In Slovenia we say:"Ne hvali dneva pred večerom". The literal English translation would be: Do not praise the day until the evening/night has come


----------



## Maja

In Serbian:"Prvo skoči pa reci 'hop'". (First jump and then say 'hop'.)


----------



## Lemminkäinen

Outsider said:


> There's another expression in Portuguese, _Não soltes foguetes antes da festa_, "Don't lift the rockets before the party".
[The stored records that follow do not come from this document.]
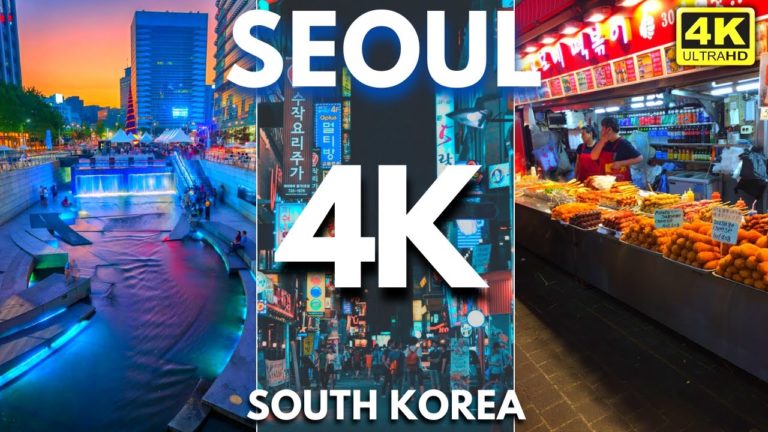 Seoul, South Korea 🇰🇷 2023 in 4K ULTRA HD 60 Fps – 4K Travel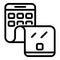 Flex phone cellular icon, outline style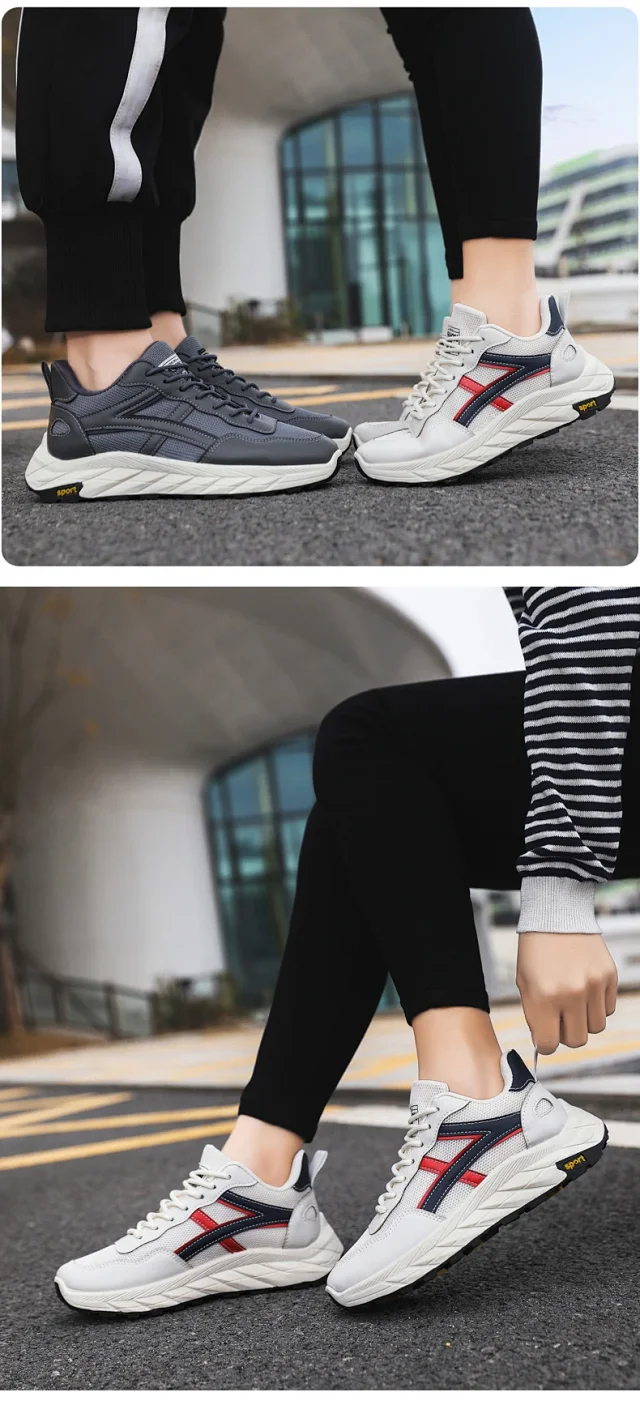Unisex Mesh Lightweight Running Sneakers Detail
This one's my favourite so far! 

It's interesting how some of these are very similar despite the difference between the languages, e.g. Norwegian and Spanish/French, and German and Slovene.


----------



## ameana7

There is a saying in Turkish which is "Dereyi görmeden, paçaları sıvama" It means literally "Do not enfold your lowest part of your trousers, before seeing river". We need a better translation but it is used exactly the same situations.


----------



## Jana337

cyanista said:


> Germans say: _Man soll den Tag nicht vor dem Abend loben_ (lit. You shouldn't praise the day before it's evening).





kanojo_ said:


> In Slovenia we say:"Ne hvali dneva pred večerom". The literal English translation would be: Do not praise the day until the evening/night has come


In Czech: Nechval dne před večerem. Same meaning.



Maja said:


> In Serbian:"Prvo skoči pa reci 'hop'". (First jump and then say 'hop'.)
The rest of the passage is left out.